According to the students’ research, some of the potential benefits of using the product to control stream turbidity include:

· Seafood processing waste could be recycled to make the product;

· The product is biodegradable. It is used in the filters of commercial aquariums that contain exotic fish, and experiments done with rainbow trout and Dolly Varden have shown the product to be safe even at concentrations greater than what is needed to be effective;

· Chitosan will remove 85 to 90 percent of sediment in stream waters. The product, a gel, is placed in a boom-like “Gel-Floc Sock,” which can be put in a stream above a slow-moving pool. The product is dispersed by the flow of the stream — no need for power — and the cost is about one dollar per 3,300 gallons of water treated. Depending on water flow, students estimated one application could last two to three weeks.

Anton Krull, another member of the team, said he learned a lot from the group’s research.

“We had no idea what was going on before this,” Krull said.

The students took on their research, meeting after school two or three times a week, in addition to their regular classwork. Several students said they put in some late evenings, staying at school until 9 p.m. or later, after they switched topics in November, just a few weeks before they were due to present their research at the competition.

The team’s presentation included a diagram of the salmon life cycle and its role in the food chain, demonstration jars of turbid water — one with flocculant and one without, and a model of a stream bed with a miniature Gel-Flock Sock, a settling pool and a drainage hose. The research was presented as a skit and even included some live guitar playing.

The Polar Bears team includes Autumn Ball, Will McDermid, Colton Anderson, Logan Haralson, Alex Kauffman, Lizzie McDermid, Crystal Coombs and Krull. The team is coached by Phillips and Elizabeth McDermid.
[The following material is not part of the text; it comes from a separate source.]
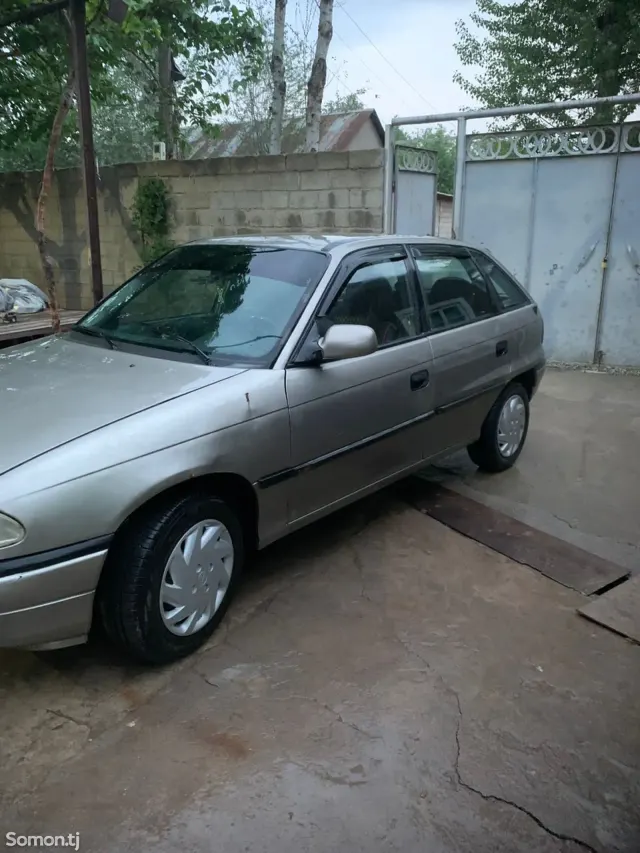 Opel Astra F 1996 · 1.6 MT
The students also were invited to present their research at last week’s Kachemak Bay Science Conference, where the group shared the podium with university researchers and government scientists.

Phillips said the presentation went well. Additional study would be needed to see if it would work in an actual stream, but Phillips said her team was able to field questions from the gathered scientists, and said she was told the team’s skit was a nice break from the lineup of PowerPoint presentations.

“One of the comments at the end was that everyone should have some live entertainment,” Phillips said. “They were definitely in there with some heavy-duty scientists.”